ASSIGNMENT
Below are entries. Give back exactly the lines from the one containing "Hub by Premier" through the one containing "sebe cijeniti, back", inclusive, without the pictures.

DATA
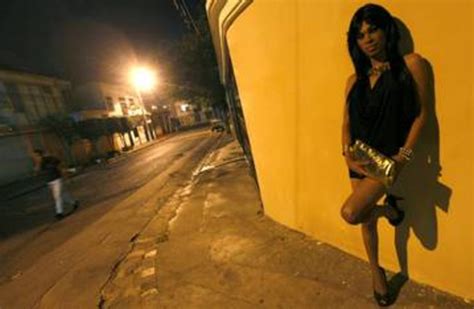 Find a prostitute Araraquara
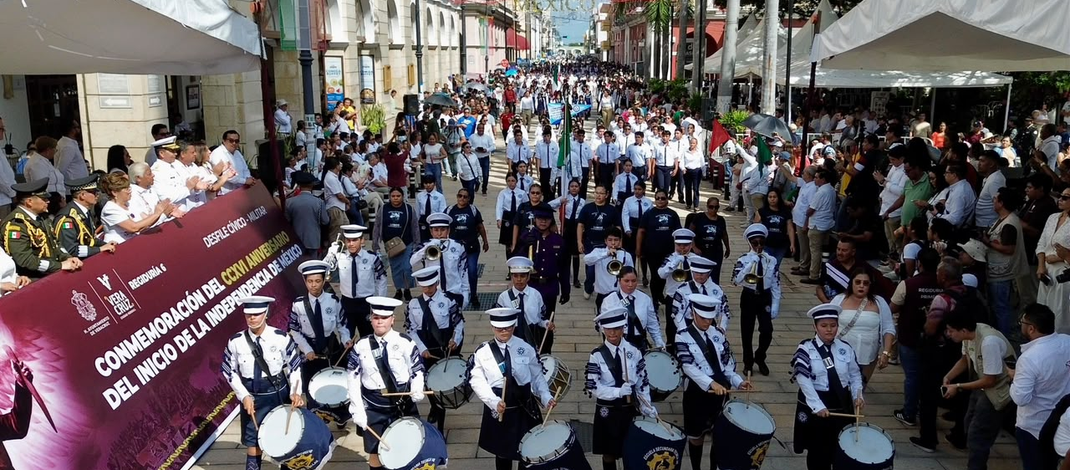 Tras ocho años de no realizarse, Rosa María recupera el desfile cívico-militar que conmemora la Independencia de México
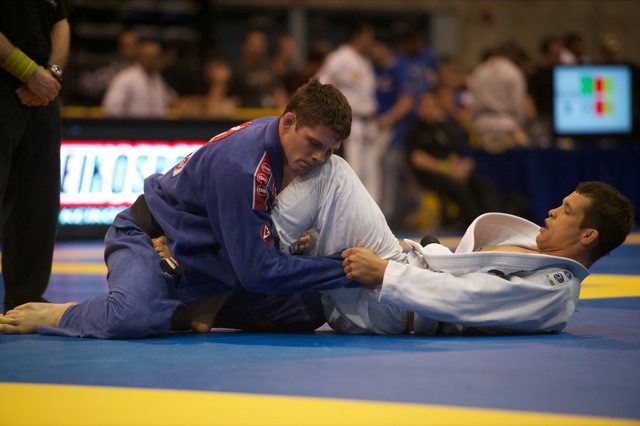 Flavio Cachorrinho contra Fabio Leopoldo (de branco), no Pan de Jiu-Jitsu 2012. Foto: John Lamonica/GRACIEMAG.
* * *
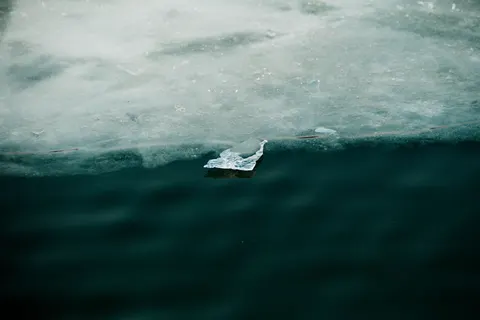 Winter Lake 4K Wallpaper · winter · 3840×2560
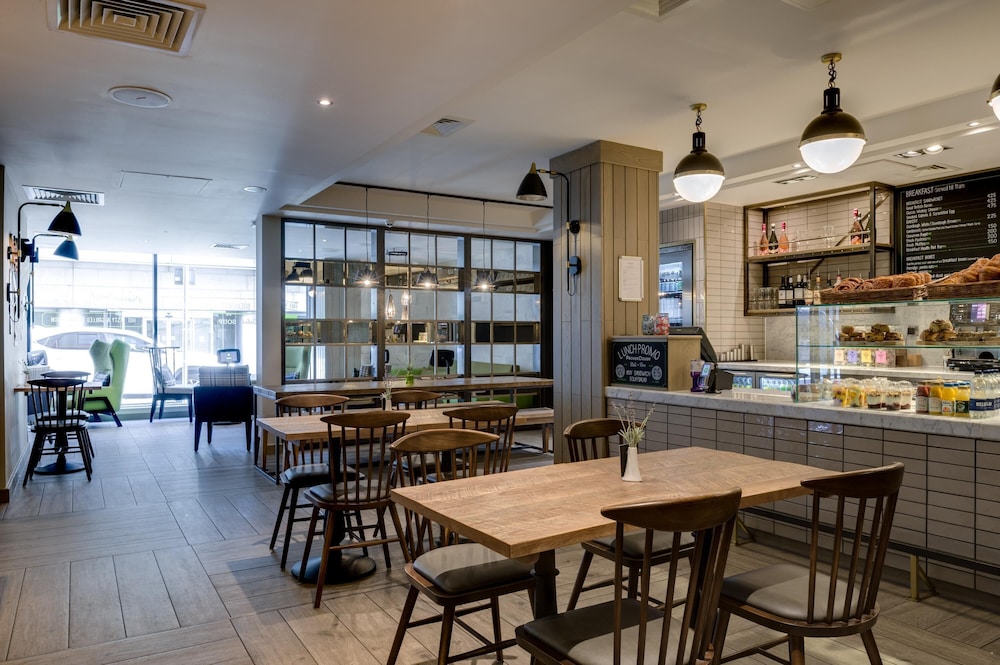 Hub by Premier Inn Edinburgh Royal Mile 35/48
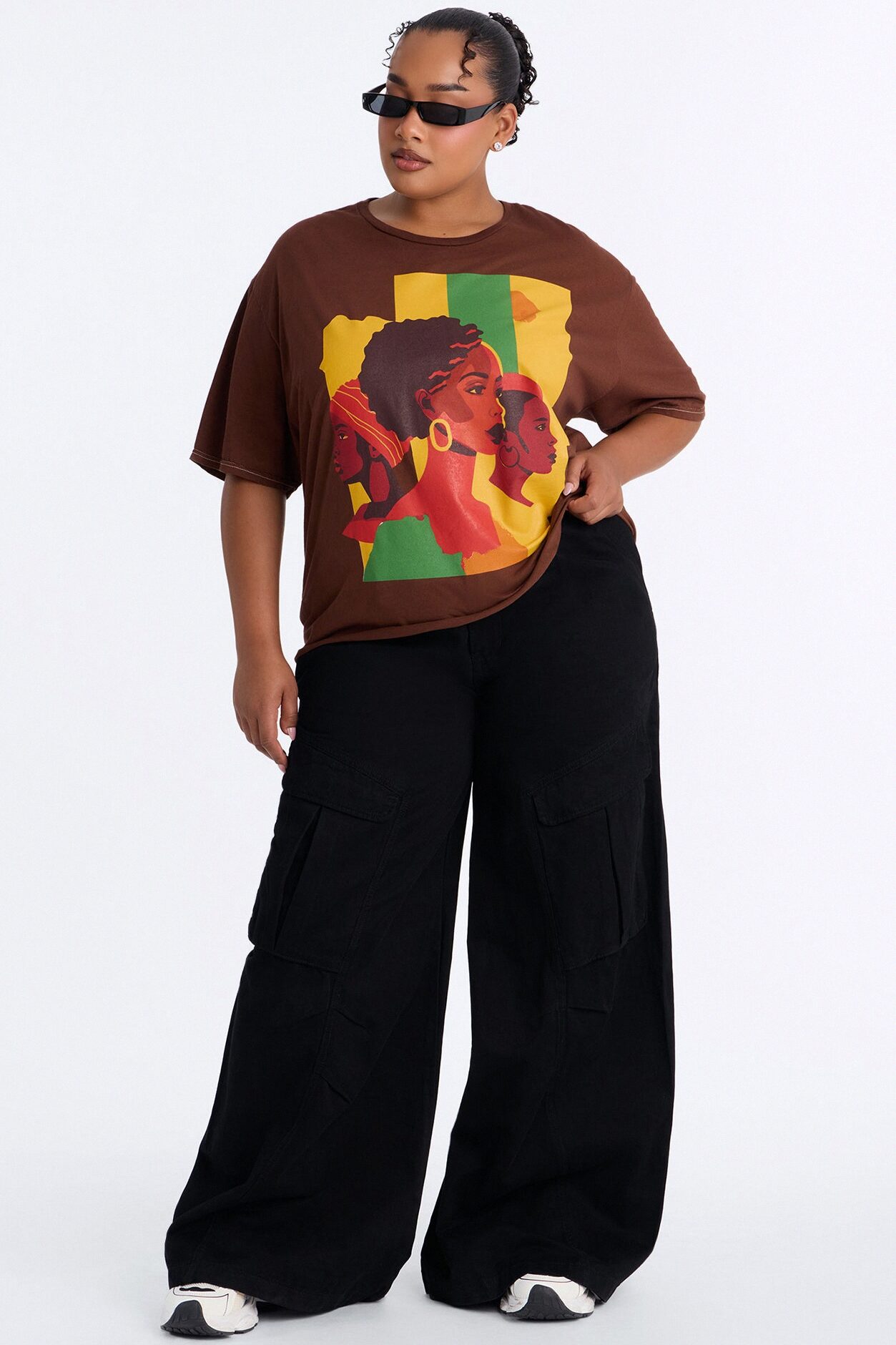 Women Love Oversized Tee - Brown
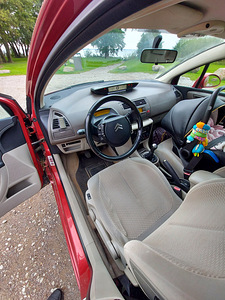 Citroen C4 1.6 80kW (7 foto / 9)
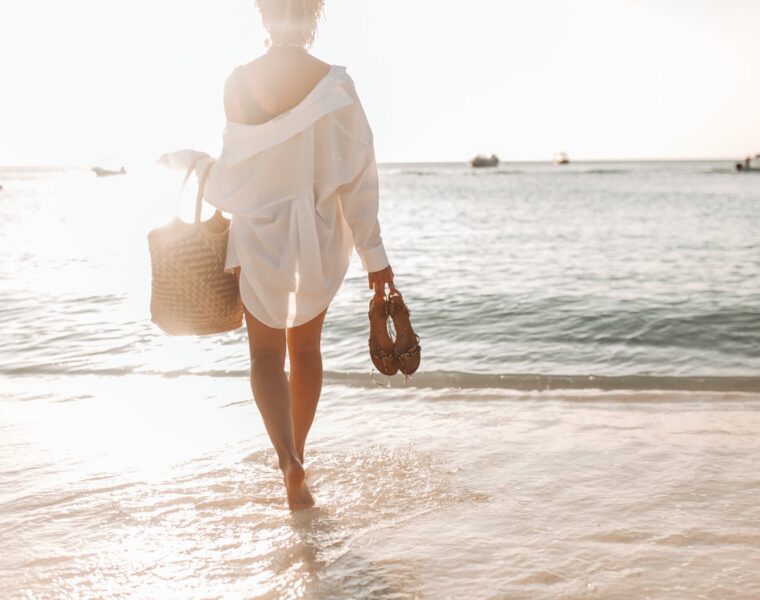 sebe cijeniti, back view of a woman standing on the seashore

TASK RESULT
 Hub by Premier Inn Edinburgh Royal Mile 35/48
 Women Love Oversized Tee - Brown
 Citroen C4 1.6 80kW (7 foto / 9)
 sebe cijeniti, back view of a woman standing on the seashore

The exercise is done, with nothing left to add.